The Girl from Monday

Hal Hartley is a minor legend in the world of independent filmmaking, having directed nearly two dozen small films in the past two decades. I have never seen a single one of these movies, but my first exposure to Hartley, his new “The Girl from Monday,” is enough to make me wary of seeking them out.

It is set in the near future, following an American revolution in which a conglomerate called the Multi-Media Monopoly has been swept into power by an ad agency. People are commodities now, and the “insurgents” are people without credit ratings who do little or no consuming. You can insure your sex appeal now, and your stock goes up when you have sex.
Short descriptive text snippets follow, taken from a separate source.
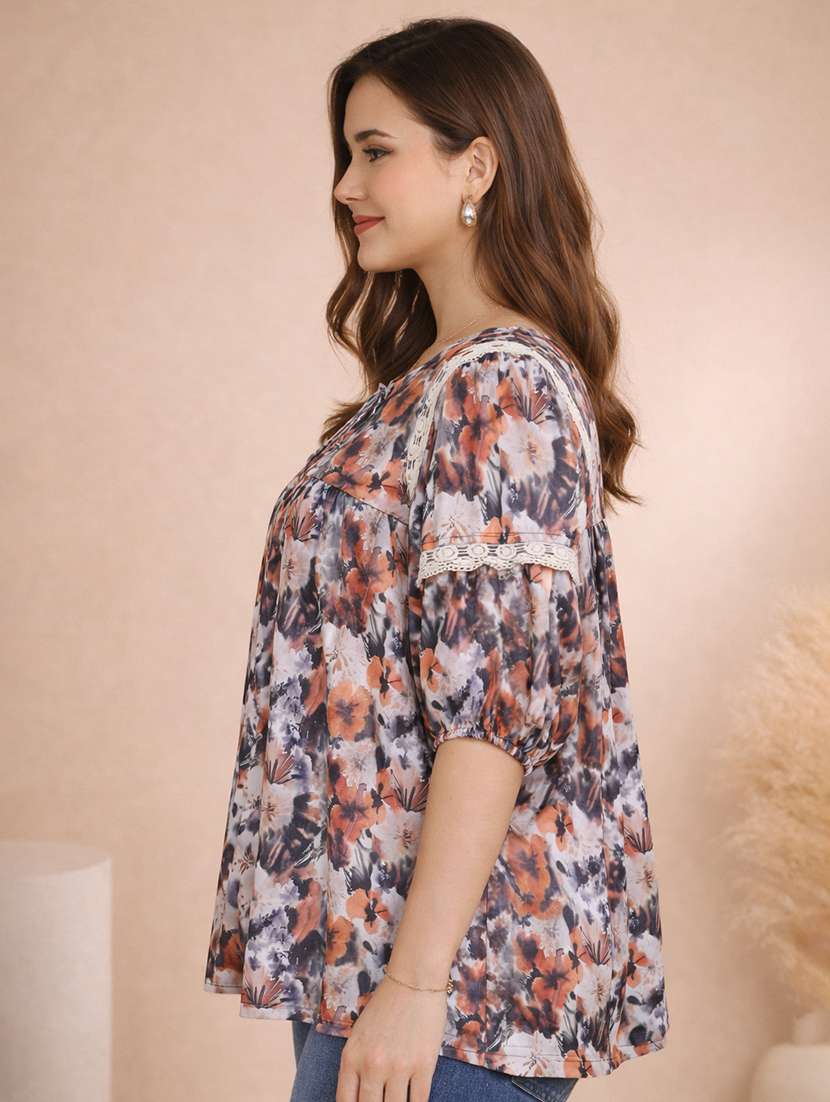 women floral print puff sleeve a-line top - 22357998 -  Standard Image - 2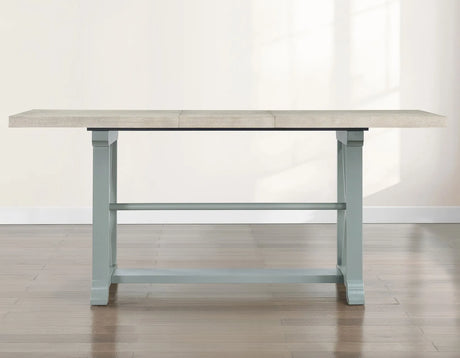 Darcy 64-82″Counter Table with 18-inch leaf, Mint Green and Natural Finish by Steve Silver at Eve Furniture
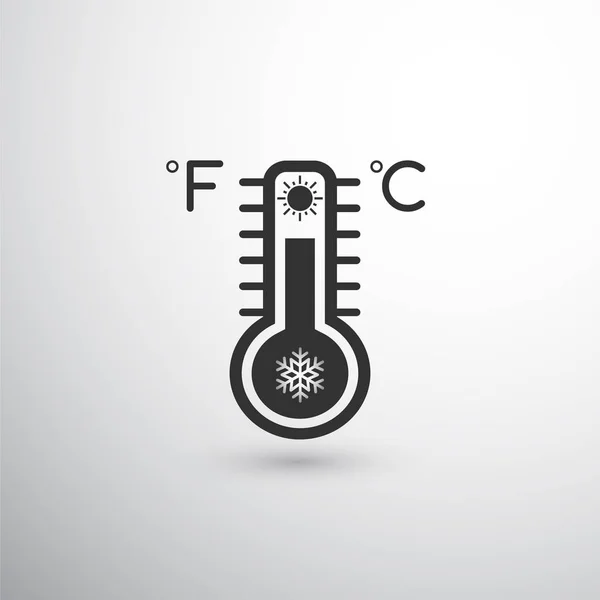 Termómetro icono negro con fahrenheit y celsius — Vector de stock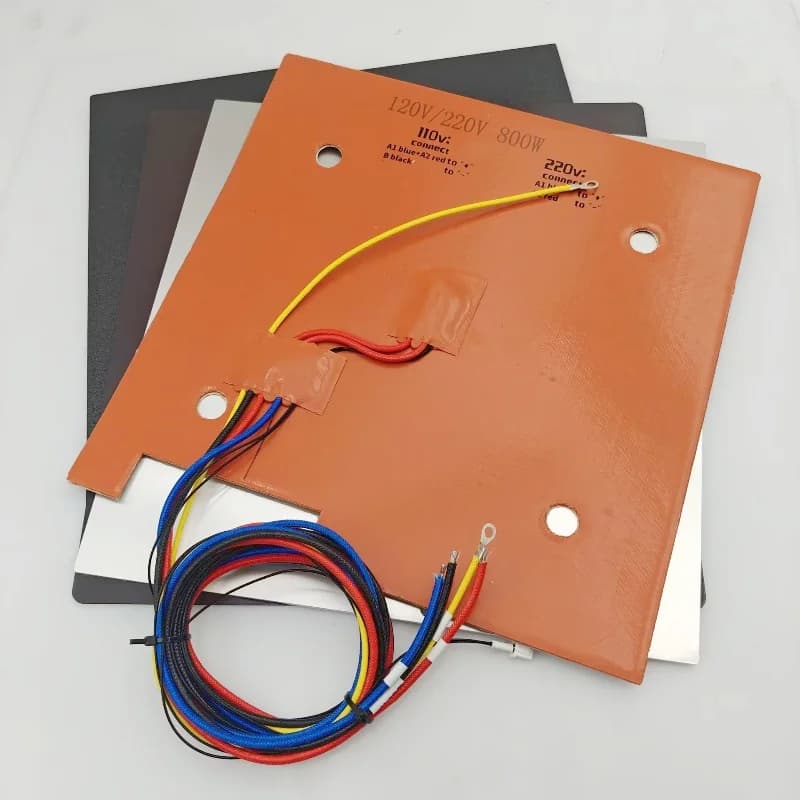 Funssor Anycubic Kobra3 Stampante 3D 3mm Lega di alluminio CNC Letto di calore Piastra di costruzione AC 120/220V 800W Kit di aggiornamento del cuscinetto riscaldante in silicone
Making love because it’s fun or because you’re in love is unheard of. Oh, and the consumer-driven, uber-capitalist society now includes ad agencies that try to push elective heart surgery, the way plastic surgeons used to promote breast enlargements.

Into this world falls a woman without a name, played by Brazilian model Tatiana Abracos, who comes from a galaxy called Monday where people have no names, bodies or identities. She has adopted a rather lovely form on Earth and is found by Jack Bell (Bill Sage), a malcontent who works for the ad agency by day but secretly leads a counter-revolutionary movement by night. Aliens are common in this future world — they’re called “immigrants” — and the girl from Monday is here to find her friend, who came to Earth years ago and who she fears may be trapped in his terrestrial body. The girl runs that risk, too, if she stays too long, but Jack may be too busy with his bringing-down-The-Man activities to help her.

To describe it, the film sounds like a satire, but it doesn’t play like one. Neither is it pretentious or self-important the way many such high-minded movies are, and I’m certainly grateful for that. It does have an ethereal feel to it, though, shot on digital video, often converted to black-and-white, and with many shots manipulated so the characters appear to move erratically, as if trying to move through water.

Hartley’s fatal flaw is that none the characters are the least bit engaging, and his ideas are not exactly revolutionary. (America has become too consumer-driven?! Really?!?) It’s a flat, tedious film that, while perhaps accessible to a mainstream audience, would probably bore them, while indie-philes will be forced to admit that it simply has no substance.

D+ (1 hr., 24 min.; R, scattered F-words, some sex, some nudity.)